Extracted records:
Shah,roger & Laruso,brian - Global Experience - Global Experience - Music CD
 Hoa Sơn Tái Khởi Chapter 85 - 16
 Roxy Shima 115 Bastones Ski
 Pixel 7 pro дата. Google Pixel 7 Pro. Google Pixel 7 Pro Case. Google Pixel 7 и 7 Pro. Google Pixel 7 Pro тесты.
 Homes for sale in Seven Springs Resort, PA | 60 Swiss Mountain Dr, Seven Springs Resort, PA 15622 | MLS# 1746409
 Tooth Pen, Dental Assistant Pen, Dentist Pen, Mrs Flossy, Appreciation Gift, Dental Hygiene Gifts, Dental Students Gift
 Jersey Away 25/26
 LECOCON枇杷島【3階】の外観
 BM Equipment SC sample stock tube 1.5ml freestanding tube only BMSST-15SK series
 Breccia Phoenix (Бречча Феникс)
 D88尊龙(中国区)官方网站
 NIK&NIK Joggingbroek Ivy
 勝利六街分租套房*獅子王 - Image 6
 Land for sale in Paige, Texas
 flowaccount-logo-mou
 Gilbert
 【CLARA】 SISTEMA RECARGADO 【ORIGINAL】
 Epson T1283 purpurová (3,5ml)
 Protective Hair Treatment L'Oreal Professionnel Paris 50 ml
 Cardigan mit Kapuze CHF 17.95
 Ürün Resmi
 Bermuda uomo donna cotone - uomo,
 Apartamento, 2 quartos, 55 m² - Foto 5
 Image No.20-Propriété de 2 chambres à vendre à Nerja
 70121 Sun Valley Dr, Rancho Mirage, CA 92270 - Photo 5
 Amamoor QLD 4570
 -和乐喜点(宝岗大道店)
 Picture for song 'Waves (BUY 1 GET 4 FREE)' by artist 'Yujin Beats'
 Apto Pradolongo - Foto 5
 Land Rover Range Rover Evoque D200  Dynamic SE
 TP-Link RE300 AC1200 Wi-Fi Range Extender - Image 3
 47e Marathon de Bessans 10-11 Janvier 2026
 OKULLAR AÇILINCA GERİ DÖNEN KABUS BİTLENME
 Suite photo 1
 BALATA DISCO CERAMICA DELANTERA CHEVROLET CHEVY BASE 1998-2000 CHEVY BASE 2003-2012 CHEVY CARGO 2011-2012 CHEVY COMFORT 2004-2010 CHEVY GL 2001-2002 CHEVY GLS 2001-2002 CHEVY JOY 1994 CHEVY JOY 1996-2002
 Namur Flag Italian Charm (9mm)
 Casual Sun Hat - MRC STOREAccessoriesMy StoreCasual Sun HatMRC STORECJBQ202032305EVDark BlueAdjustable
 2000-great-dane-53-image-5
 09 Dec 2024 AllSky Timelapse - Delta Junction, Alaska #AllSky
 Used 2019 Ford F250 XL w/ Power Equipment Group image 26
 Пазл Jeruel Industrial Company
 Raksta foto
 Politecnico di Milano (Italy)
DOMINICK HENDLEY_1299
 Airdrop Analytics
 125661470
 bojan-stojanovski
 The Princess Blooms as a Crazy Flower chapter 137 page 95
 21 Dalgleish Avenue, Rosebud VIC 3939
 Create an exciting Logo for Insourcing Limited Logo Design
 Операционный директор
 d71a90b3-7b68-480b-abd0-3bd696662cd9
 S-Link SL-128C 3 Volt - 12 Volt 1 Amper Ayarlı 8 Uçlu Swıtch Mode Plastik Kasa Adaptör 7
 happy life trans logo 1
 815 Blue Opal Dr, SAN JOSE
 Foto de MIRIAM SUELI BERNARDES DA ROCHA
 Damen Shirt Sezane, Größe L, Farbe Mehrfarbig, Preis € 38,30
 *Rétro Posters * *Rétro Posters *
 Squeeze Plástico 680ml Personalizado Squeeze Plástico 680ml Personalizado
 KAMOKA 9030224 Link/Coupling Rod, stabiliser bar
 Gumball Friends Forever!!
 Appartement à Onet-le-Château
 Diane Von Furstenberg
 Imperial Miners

* _WORK TO BE COMPLETED_: Looking at the records above, please output exactly the lines that run from the one holding "2000-great-dane-53-image-5" to the final line, and only those.

* _SOLVED PROBLEM_:
 2000-great-dane-53-image-5
 09 Dec 2024 AllSky Timelapse - Delta Junction, Alaska #AllSky
 Used 2019 Ford F250 XL w/ Power Equipment Group image 26
 Пазл Jeruel Industrial Company
 Raksta foto
 Politecnico di Milano (Italy)
DOMINICK HENDLEY_1299
 Airdrop Analytics
 125661470
 bojan-stojanovski
 The Princess Blooms as a Crazy Flower chapter 137 page 95
 21 Dalgleish Avenue, Rosebud VIC 3939
 Create an exciting Logo for Insourcing Limited Logo Design
 Операционный директор
 d71a90b3-7b68-480b-abd0-3bd696662cd9
 S-Link SL-128C 3 Volt - 12 Volt 1 Amper Ayarlı 8 Uçlu Swıtch Mode Plastik Kasa Adaptör 7
 happy life trans logo 1
 815 Blue Opal Dr, SAN JOSE
 Foto de MIRIAM SUELI BERNARDES DA ROCHA
 Damen Shirt Sezane, Größe L, Farbe Mehrfarbig, Preis € 38,30
 *Rétro Posters * *Rétro Posters *
 Squeeze Plástico 680ml Personalizado Squeeze Plástico 680ml Personalizado
 KAMOKA 9030224 Link/Coupling Rod, stabiliser bar
 Gumball Friends Forever!!
 Appartement à Onet-le-Château
 Diane Von Furstenberg
 Imperial Miners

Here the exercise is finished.